▶ [Work item]:
Repeat, word for word, all the data that follows, and exclude the pictures.

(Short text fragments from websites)
- - -

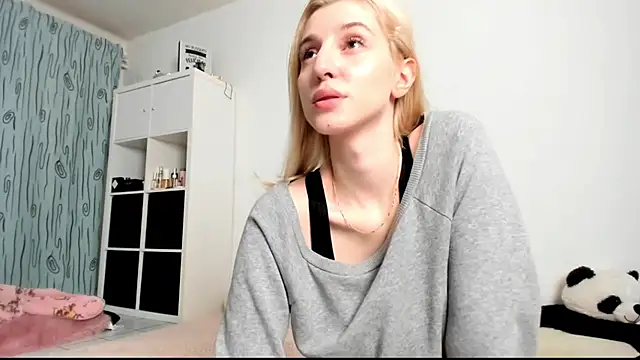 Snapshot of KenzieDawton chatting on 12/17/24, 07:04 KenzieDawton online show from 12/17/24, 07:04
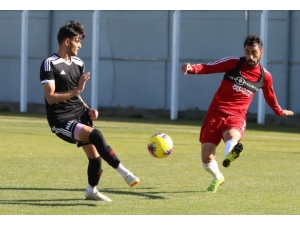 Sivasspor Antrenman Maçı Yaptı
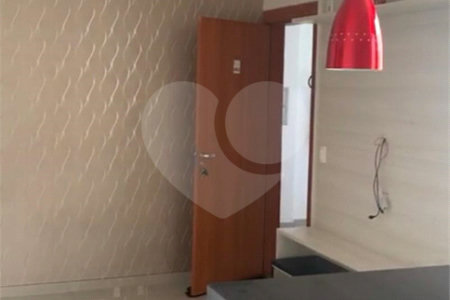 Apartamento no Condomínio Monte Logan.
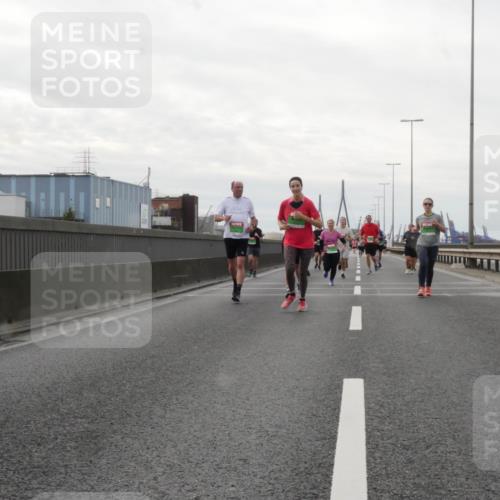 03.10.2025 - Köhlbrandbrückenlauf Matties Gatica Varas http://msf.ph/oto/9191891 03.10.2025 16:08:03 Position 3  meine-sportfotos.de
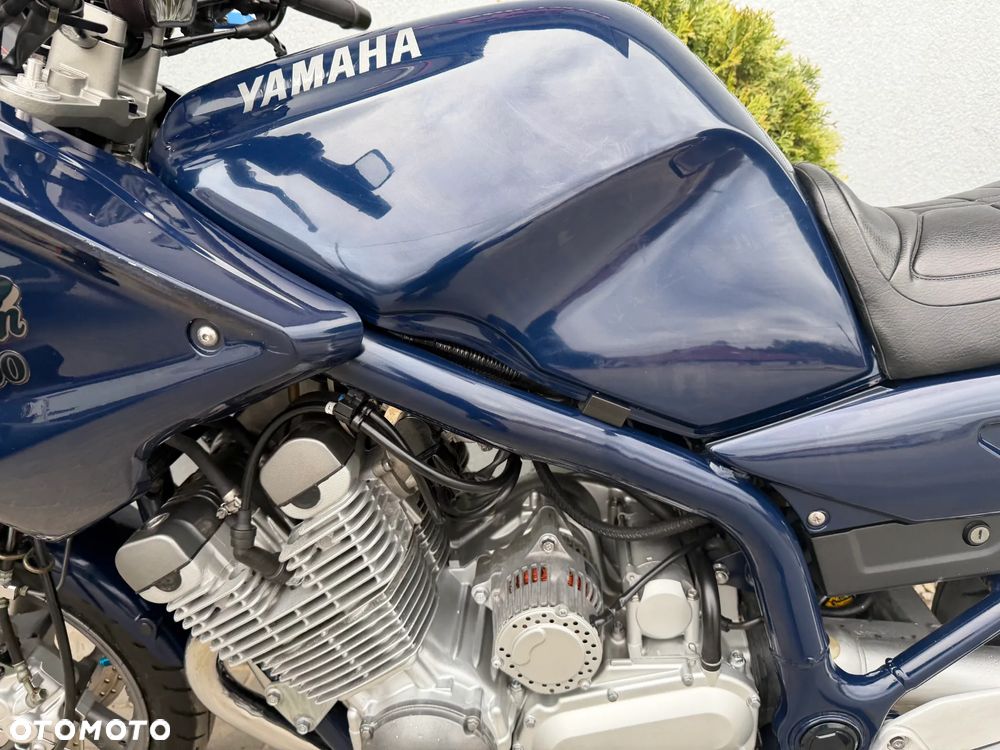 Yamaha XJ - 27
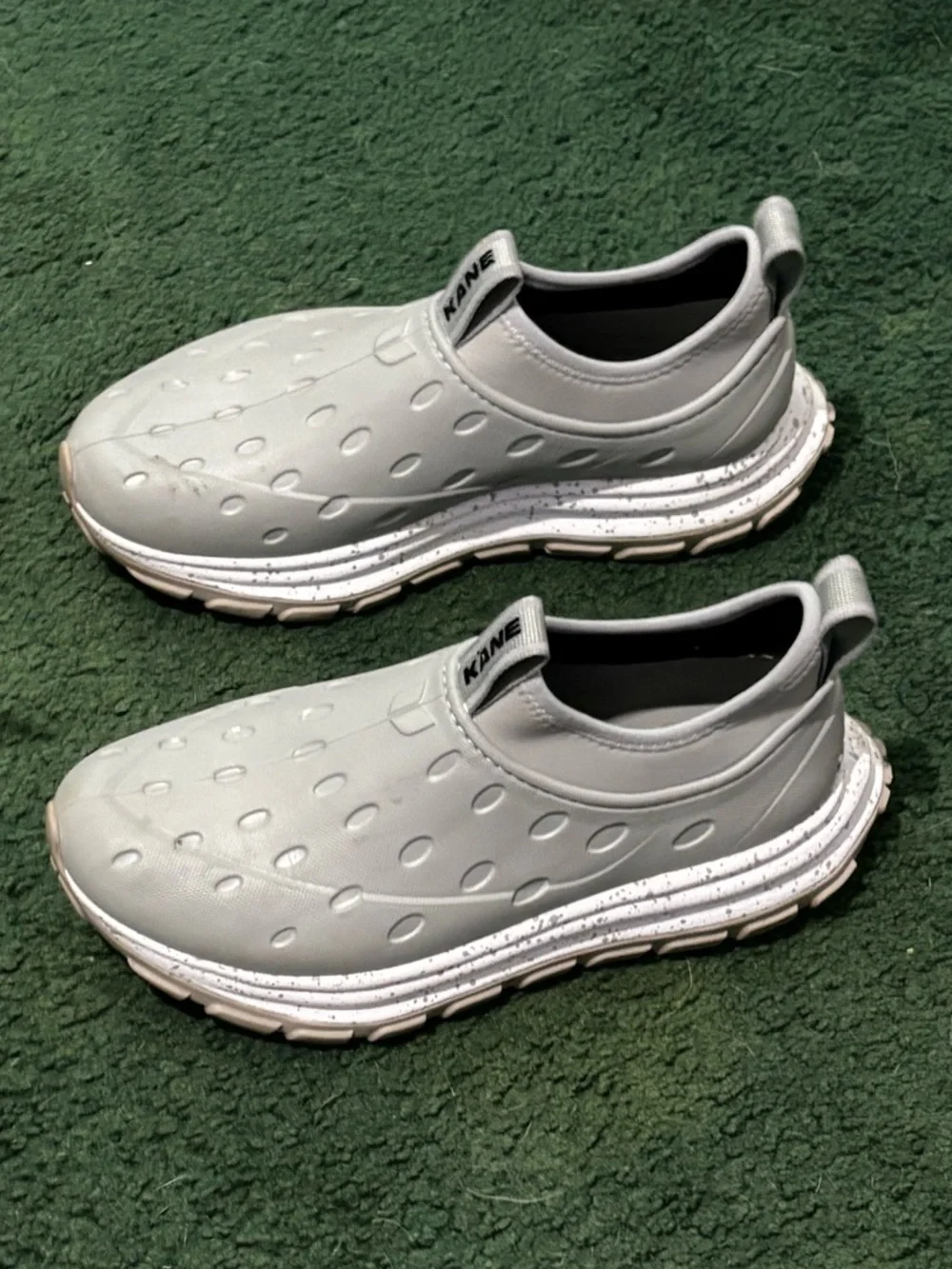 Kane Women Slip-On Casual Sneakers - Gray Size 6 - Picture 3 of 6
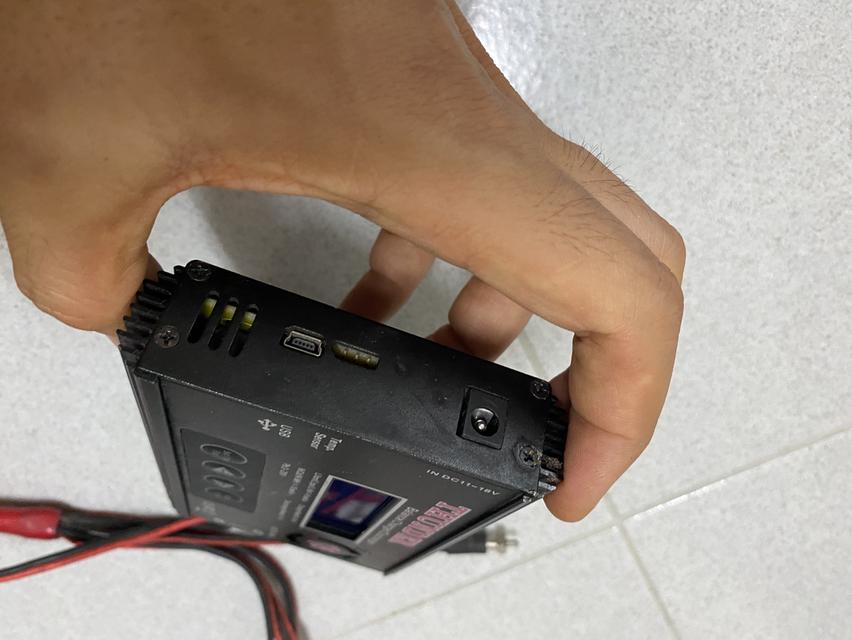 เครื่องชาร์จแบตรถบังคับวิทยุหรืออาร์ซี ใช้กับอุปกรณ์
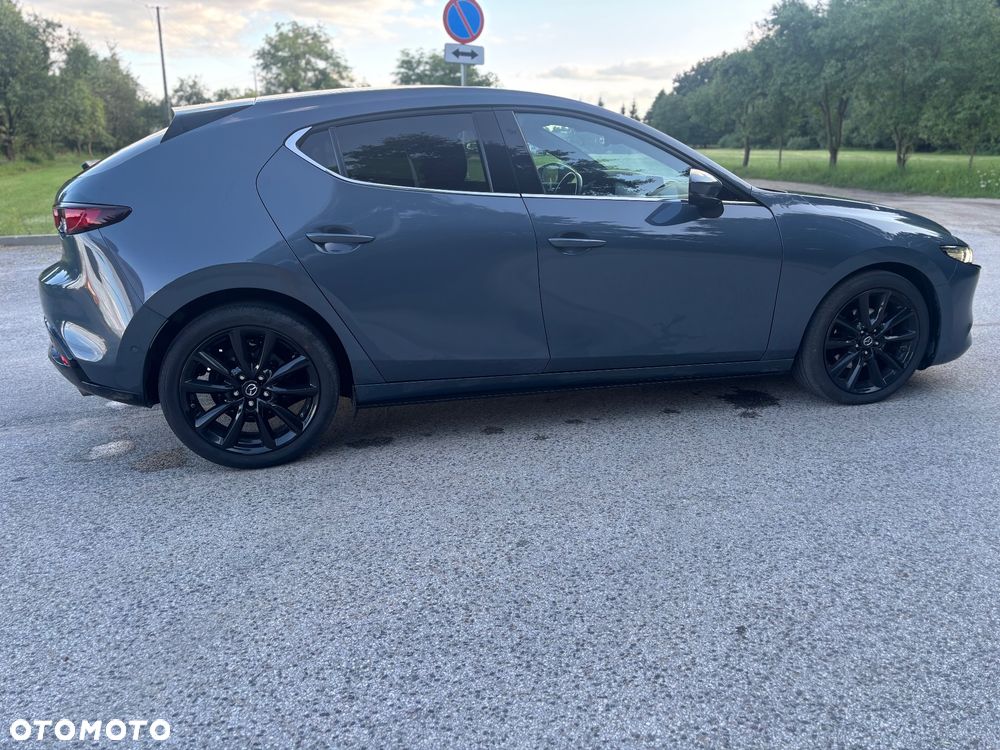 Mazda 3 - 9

- - -

▶ [Response area]:
 Snapshot of KenzieDawton chatting on 12/17/24, 07:04 KenzieDawton online show from 12/17/24, 07:04
 Sivasspor Antrenman Maçı Yaptı
 Apartamento no Condomínio Monte Logan.
 03.10.2025 - Köhlbrandbrückenlauf Matties Gatica Varas http://msf.ph/oto/9191891 03.10.2025 16:08:03 Position 3  meine-sportfotos.de
 Yamaha XJ - 27
 Kane Women Slip-On Casual Sneakers - Gray Size 6 - Picture 3 of 6
 เครื่องชาร์จแบตรถบังคับวิทยุหรืออาร์ซี ใช้กับอุปกรณ์
 Mazda 3 - 9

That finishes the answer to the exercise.